Records from a data source
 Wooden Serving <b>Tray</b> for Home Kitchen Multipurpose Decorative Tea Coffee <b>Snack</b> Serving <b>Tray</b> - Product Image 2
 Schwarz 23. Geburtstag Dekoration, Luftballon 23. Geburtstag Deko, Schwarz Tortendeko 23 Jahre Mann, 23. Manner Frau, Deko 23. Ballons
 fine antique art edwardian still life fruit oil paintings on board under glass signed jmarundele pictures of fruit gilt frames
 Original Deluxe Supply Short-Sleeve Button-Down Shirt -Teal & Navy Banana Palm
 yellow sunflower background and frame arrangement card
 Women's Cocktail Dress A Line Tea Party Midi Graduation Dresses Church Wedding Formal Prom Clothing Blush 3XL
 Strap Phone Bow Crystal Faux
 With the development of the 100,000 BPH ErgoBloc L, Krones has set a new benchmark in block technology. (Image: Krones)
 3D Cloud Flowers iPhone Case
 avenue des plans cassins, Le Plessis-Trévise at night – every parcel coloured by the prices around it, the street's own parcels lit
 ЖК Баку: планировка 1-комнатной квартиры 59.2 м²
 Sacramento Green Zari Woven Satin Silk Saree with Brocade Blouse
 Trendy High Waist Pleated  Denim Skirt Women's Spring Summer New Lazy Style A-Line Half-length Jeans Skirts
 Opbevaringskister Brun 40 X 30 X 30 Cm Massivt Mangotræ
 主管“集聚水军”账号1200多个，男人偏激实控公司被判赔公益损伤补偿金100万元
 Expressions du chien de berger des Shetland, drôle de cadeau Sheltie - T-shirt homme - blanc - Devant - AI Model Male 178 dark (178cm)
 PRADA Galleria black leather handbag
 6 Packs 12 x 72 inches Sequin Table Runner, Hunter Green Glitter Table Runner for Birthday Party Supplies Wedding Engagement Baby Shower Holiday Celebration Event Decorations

Your goal
Return exactly what appears in the records from the line with "Strap Phone Bow Crystal Faux" through the final line, and nothing else.

Expected output
 Strap Phone Bow Crystal Faux
 With the development of the 100,000 BPH ErgoBloc L, Krones has set a new benchmark in block technology. (Image: Krones)
 3D Cloud Flowers iPhone Case
 avenue des plans cassins, Le Plessis-Trévise at night – every parcel coloured by the prices around it, the street's own parcels lit
 ЖК Баку: планировка 1-комнатной квартиры 59.2 м²
 Sacramento Green Zari Woven Satin Silk Saree with Brocade Blouse
 Trendy High Waist Pleated  Denim Skirt Women's Spring Summer New Lazy Style A-Line Half-length Jeans Skirts
 Opbevaringskister Brun 40 X 30 X 30 Cm Massivt Mangotræ
 主管“集聚水军”账号1200多个，男人偏激实控公司被判赔公益损伤补偿金100万元
 Expressions du chien de berger des Shetland, drôle de cadeau Sheltie - T-shirt homme - blanc - Devant - AI Model Male 178 dark (178cm)
 PRADA Galleria black leather handbag
 6 Packs 12 x 72 inches Sequin Table Runner, Hunter Green Glitter Table Runner for Birthday Party Supplies Wedding Engagement Baby Shower Holiday Celebration Event Decorations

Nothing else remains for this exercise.